にやけ顔か不機嫌顔しかなかったその顔に違う感情が見えた気がした。
「あんたが国を出たのは随分前なのか……?」
「そうだな……故郷を離れたのは十七になったばかりの頃だ。それから十数年は経ってる。じじいもばばあも、もう死んだかな。みんな俺のことなんかとっくに忘れてるだろうな……」
「……故郷はどの辺りなんだ?」
「北の果てのどえらく寒い所だ……冬になれば村から出られる手段もなくなって、蓄えの足りない家からは凍死者や餓死者も出る……ひでぇ話だろ? 人の住む所じゃねぇ。だから俺はそんな所からは早くおん出て、もっと暖かくて食い物や毎日の生活に……っておい! 俺に一体何喋らせてんだ? なぁ小娘、よく聞けよ。俺は西洋の女も好きだが、口数の少ねぇ女はもっと好きだ。てめぇの口は俺のをしゃぶる時以外はおとなしく閉じてろ」
質問で時間稼ぎをしたかったが、結局悪足掻きにしかならなかった。
言い捨てた男に食らいつくように唇を塞がれ、上から唾液を垂らされる。
首筋にむしゃぶりつかれ、犬のように舐め回された。
男の手が膝を割り、裾からその手が忍び込む。
それには最大級の嫌悪が走ったが、這い上がるその手が到達するのを待った。
「うわっ! なっ、なんだぁ? も、もしかしてお前……おと……?!」
驚愕の声を上げて、男が慌てたように身を離した。
イングヴァルはその隙を狙って素早く身を起こすと、体勢を崩した男の顔面を掴んで、引き倒した。

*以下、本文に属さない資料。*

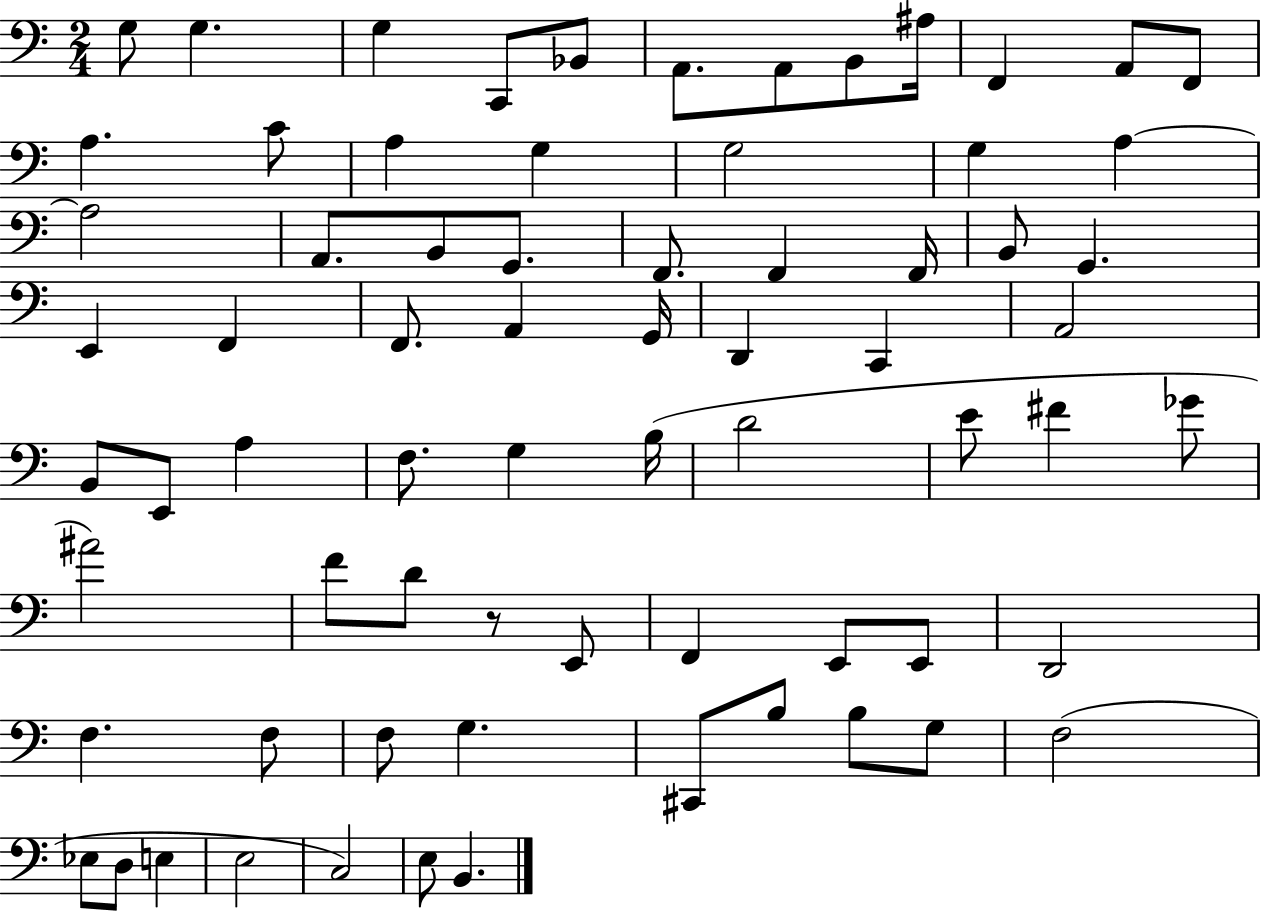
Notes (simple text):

G3/e G3/q. G3/q C2/e Bb2/e A2/e. A2/e B2/e A#3/s F2/q A2/e F2/e A3/q. C4/e A3/q G3/q G3/h G3/q A3/q A3/h A2/e. B2/e G2/e. F2/e. F2/q F2/s B2/e G2/q. E2/q F2/q F2/e. A2/q G2/s D2/q C2/q A2/h B2/e E2/e A3/q F3/e. G3/q B3/s D4/h E4/e F#4/q Gb4/e A#4/h F4/e D4/e R/e E2/e F2/q E2/e E2/e D2/h F3/q. F3/e F3/e G3/q. C#2/e B3/e B3/e G3/e F3/h Eb3/e D3/e E3/q E3/h C3/h E3/e B2/q.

そのまま相手の背に跨がり、隠し持っていたナイフを右の掌に突き立てる。
「うがぁぁっ!」
「キカ!」
イングヴァルはベッドから飛び降りて窓に駆け寄った。
「連!」
闇の中からキカが姿を現す。
彼はずっと自分達の後を追い、闇の中で機会を待っていた。
彼が差し出した連の刀をイングヴァルは受け取った。
その背後では半蔵が自分の掌を縫い止めたナイフを床に放り投げ、立ち上がっていた。
「畜生っ! 女だと思ってたのに野郎だった! 最悪だ!」
「それはこっちの台詞だ! 俺は最初からずっと最悪だったよ!」
イングヴァルはそう言い放ちながら走り寄り、相手の首元に刃を向けた。